I can understand credit as a natural extension of “running a tab” at a hotel or restaurant—you order now, and settle your account later, for various definitions of “later.” But why would a retailer be interested in offering private/internal credit that they had to manage and settle? Sounds negative-ROI to me.

So people didn't have to carry cash around.

People would set up accounts at their local stores so all their common daily and weekly errands could be done without cash. Then once a month (after payday) they would take cash around to all the local stores paying their accounts. (Or write a check, I guess)

Stores supported this because it was a form of lock-in, and because it reduced friction. Faster than exchanging cash too, or writing a check.

When working correctly (the customer comes in and pays without prompting) it's super low effort. Especially for stores with only one location and checkout counter. Only really costs time and money when a customer requires chasing up.

Well, for one it reduces friction, which increases the likelihood of making a sale. If a customer comes in to a store, but has to leave to go to their bank, there is a chance they won't return to make the purchase. Even if it is something they need, a competitor might lure them in between the point they get money from their bank and they get back to your store. The value, of course, depends on how many additional sales the reduced friction generates, versus the cost of maintaining credit books.
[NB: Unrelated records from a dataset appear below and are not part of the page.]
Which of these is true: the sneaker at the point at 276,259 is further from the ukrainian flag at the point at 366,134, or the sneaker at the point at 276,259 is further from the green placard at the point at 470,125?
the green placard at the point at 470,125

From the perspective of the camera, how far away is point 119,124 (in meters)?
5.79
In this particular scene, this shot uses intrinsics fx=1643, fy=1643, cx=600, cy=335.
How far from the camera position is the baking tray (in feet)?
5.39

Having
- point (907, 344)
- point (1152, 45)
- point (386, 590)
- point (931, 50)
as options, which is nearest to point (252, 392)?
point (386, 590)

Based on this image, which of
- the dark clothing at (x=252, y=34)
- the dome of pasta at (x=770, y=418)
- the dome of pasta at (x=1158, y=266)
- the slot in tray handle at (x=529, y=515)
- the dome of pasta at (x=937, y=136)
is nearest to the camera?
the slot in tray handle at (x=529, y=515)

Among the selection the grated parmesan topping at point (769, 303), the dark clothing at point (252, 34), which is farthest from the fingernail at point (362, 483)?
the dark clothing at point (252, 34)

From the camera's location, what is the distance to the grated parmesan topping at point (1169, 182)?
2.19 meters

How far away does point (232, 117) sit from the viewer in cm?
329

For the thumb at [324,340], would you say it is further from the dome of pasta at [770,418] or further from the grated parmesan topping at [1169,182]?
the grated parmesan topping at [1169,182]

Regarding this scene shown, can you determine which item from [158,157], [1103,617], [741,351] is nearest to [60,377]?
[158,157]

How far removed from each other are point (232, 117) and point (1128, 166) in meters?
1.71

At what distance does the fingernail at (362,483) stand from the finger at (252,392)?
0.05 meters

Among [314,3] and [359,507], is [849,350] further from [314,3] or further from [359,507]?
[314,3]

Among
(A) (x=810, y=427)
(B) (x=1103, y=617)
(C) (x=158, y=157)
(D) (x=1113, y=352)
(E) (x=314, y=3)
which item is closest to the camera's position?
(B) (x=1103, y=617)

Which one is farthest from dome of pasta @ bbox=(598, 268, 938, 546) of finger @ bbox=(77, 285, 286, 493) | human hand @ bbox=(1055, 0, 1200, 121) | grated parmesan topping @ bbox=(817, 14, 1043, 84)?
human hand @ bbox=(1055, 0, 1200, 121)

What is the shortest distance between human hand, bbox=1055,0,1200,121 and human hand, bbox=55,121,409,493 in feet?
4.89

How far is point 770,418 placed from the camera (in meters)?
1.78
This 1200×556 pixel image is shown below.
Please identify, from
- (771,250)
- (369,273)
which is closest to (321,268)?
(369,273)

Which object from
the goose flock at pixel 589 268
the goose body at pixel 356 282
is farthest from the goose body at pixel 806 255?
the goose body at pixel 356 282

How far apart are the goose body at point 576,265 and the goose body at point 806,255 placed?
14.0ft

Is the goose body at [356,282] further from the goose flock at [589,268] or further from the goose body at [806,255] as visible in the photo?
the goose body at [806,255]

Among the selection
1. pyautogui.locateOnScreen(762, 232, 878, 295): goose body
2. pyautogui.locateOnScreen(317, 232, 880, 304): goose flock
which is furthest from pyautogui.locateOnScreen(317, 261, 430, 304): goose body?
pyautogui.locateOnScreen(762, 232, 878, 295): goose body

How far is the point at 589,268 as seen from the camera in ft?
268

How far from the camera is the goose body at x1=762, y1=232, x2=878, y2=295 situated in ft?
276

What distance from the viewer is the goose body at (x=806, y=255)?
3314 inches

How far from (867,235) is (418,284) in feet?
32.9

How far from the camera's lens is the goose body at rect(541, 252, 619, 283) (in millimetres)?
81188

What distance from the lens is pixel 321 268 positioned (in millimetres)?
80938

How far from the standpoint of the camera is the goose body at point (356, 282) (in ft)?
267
In most cases they were just running a tab. Unless you make the customer pay a deposit up front, any gap between the purchase and the invoice being paid is an extension of credit.

Because it is the norm.

You're probably coming from the opposite frame, that requiring cash up front for all transactions was the norm. It wasn't. We've been extending credit and taking on debts for millennia. It's just how money works.
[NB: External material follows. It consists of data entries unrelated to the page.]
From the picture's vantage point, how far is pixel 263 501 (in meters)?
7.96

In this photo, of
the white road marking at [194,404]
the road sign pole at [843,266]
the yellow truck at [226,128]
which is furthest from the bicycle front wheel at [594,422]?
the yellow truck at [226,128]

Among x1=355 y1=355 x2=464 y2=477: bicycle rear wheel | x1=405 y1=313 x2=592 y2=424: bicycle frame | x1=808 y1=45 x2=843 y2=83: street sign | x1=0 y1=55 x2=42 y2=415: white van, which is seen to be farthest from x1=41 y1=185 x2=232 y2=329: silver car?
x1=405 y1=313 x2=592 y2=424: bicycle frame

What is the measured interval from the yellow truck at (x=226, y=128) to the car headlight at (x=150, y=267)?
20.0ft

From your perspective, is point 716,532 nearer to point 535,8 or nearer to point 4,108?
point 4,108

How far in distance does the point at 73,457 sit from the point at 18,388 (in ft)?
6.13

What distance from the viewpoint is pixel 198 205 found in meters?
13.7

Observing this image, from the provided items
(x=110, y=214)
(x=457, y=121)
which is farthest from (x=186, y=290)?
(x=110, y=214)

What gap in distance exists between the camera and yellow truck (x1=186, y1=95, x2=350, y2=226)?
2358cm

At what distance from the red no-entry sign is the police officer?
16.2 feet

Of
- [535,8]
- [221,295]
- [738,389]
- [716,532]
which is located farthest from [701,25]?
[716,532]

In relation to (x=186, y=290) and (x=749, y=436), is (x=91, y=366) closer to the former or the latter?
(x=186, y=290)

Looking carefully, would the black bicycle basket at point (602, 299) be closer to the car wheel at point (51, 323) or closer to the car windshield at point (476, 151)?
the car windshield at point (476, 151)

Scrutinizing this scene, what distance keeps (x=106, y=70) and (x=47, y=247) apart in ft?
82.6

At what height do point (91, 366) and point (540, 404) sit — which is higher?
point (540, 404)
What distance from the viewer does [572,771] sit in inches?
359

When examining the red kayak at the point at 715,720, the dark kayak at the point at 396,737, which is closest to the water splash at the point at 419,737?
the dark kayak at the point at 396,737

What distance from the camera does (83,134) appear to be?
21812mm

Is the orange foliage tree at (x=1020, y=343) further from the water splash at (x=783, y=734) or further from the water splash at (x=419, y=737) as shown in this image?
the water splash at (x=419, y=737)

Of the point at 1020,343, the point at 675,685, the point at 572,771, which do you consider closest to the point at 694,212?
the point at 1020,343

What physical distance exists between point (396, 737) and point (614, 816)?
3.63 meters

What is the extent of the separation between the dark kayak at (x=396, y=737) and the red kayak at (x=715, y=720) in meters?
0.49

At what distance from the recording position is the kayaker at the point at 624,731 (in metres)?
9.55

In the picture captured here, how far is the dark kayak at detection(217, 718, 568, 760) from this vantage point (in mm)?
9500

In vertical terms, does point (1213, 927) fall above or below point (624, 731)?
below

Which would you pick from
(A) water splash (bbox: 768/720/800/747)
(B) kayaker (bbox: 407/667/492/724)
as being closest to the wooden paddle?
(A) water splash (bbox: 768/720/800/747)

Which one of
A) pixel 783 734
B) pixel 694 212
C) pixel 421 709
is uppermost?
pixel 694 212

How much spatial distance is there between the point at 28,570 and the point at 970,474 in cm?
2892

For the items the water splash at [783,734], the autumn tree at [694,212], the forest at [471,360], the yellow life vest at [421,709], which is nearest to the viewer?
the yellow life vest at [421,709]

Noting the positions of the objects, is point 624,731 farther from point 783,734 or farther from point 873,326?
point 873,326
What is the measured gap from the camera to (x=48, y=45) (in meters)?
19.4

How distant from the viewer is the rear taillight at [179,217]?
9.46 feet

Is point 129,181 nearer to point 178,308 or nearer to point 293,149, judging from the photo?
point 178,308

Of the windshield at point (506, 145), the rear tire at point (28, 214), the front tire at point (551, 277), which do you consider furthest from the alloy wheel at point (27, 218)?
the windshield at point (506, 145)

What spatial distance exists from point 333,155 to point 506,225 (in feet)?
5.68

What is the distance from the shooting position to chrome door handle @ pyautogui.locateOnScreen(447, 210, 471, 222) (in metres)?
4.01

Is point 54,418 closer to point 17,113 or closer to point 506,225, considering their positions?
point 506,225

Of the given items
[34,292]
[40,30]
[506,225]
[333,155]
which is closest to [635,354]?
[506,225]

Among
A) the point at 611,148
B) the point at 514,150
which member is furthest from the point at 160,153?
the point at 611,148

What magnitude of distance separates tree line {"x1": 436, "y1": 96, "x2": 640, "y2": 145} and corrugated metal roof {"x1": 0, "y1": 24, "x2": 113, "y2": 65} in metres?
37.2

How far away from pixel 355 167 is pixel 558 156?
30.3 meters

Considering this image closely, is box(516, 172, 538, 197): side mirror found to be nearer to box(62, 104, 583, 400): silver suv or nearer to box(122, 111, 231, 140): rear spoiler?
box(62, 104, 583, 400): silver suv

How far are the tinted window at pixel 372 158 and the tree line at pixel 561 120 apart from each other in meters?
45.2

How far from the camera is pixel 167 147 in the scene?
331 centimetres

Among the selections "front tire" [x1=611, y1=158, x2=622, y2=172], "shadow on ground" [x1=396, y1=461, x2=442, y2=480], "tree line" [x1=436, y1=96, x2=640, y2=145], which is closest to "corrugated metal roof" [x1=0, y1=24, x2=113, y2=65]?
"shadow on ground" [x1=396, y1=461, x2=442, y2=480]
It for some weird reason is not the norm in a large part of the world (the individual credit lines for every little store thing, not the debt-based finance system in general) where it has been totally the norm to bring cash into stores for those everyday purchases. You had cash on you anyway, because people have always owned wallets, and it's not that much of a burden to carry a wallet with you.
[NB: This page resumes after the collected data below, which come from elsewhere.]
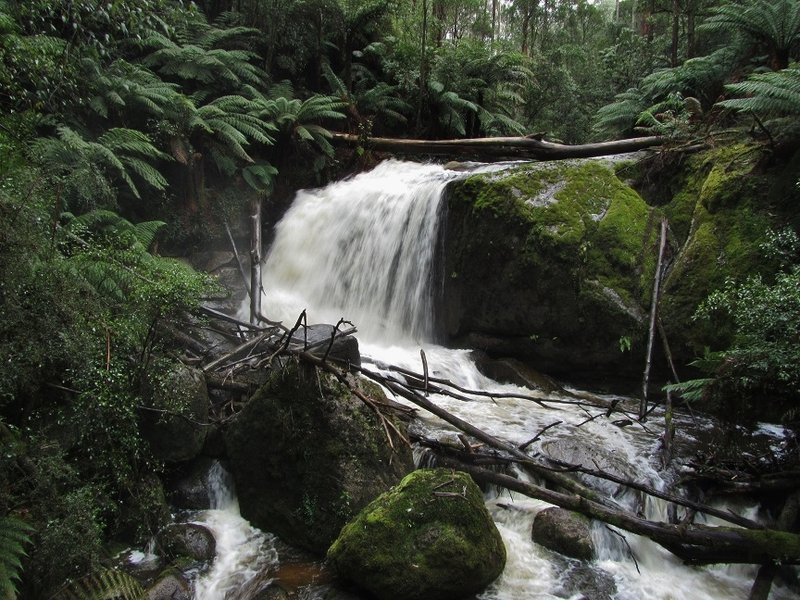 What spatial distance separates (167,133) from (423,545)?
8.08 m

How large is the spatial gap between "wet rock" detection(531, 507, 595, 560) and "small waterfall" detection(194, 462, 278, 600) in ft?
7.24

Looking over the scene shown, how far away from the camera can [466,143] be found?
Answer: 12031 mm

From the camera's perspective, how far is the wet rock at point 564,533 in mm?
4203

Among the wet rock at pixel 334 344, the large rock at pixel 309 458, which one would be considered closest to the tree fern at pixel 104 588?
the large rock at pixel 309 458

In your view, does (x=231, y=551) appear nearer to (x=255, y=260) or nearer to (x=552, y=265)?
(x=255, y=260)

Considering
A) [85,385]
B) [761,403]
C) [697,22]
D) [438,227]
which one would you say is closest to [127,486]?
[85,385]

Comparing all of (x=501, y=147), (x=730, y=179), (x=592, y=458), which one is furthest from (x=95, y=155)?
(x=730, y=179)

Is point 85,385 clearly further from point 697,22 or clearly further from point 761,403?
point 697,22

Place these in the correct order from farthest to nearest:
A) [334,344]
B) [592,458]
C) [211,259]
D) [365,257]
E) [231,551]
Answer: [211,259] → [365,257] → [334,344] → [592,458] → [231,551]

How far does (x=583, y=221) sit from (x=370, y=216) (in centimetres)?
408

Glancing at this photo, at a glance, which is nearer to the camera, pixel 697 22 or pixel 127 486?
pixel 127 486

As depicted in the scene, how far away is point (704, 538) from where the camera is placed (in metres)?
3.78

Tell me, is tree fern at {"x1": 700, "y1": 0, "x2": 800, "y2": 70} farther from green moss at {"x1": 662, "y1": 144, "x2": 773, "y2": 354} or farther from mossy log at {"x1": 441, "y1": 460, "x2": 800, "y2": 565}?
mossy log at {"x1": 441, "y1": 460, "x2": 800, "y2": 565}

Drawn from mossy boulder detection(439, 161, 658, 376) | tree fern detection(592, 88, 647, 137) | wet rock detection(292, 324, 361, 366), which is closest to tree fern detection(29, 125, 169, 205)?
wet rock detection(292, 324, 361, 366) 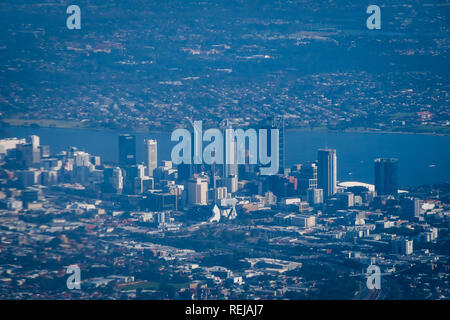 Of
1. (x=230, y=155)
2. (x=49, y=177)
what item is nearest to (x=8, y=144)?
(x=49, y=177)

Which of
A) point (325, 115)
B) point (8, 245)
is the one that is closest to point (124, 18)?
point (325, 115)

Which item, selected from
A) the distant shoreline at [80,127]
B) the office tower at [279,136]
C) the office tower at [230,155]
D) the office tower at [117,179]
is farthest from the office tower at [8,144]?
the office tower at [279,136]

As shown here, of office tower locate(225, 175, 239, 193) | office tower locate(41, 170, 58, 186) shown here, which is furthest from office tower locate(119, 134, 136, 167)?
office tower locate(225, 175, 239, 193)

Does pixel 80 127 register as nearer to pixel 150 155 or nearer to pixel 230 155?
pixel 150 155

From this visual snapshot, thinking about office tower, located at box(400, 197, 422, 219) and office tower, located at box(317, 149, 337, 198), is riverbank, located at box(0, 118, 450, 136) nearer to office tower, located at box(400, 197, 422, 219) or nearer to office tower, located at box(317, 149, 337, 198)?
office tower, located at box(317, 149, 337, 198)

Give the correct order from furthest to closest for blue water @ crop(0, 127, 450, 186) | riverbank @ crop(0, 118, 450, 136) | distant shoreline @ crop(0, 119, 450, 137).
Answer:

It seems to me that this store credit thing has been very much a US thing, and it probably is the reason why credit-based electronic payment systems took over the US while at the same time debit-based systems accomplishing the exact same goal became dominant in many European countries.

Funny thing: when it comes to gasoline, the roles are reversed. In the US, you get no gas if you don't first go into that store and prepay or provide a credit card that guarantees a payment. In most of Europe, you just drive up to the gas pump and fill up, and then you go into that little store in order to pay.

That's a nice theory, but having credit at stores etc was a thing in Europe too.

It's for scenarios like "I'd like to buy those $40 steaks, but I've only got $30 with me."

One reason is that in the old days people would run out of money before the next payday. The other is as an alternative to giving your kid cash to go buy something for dinner.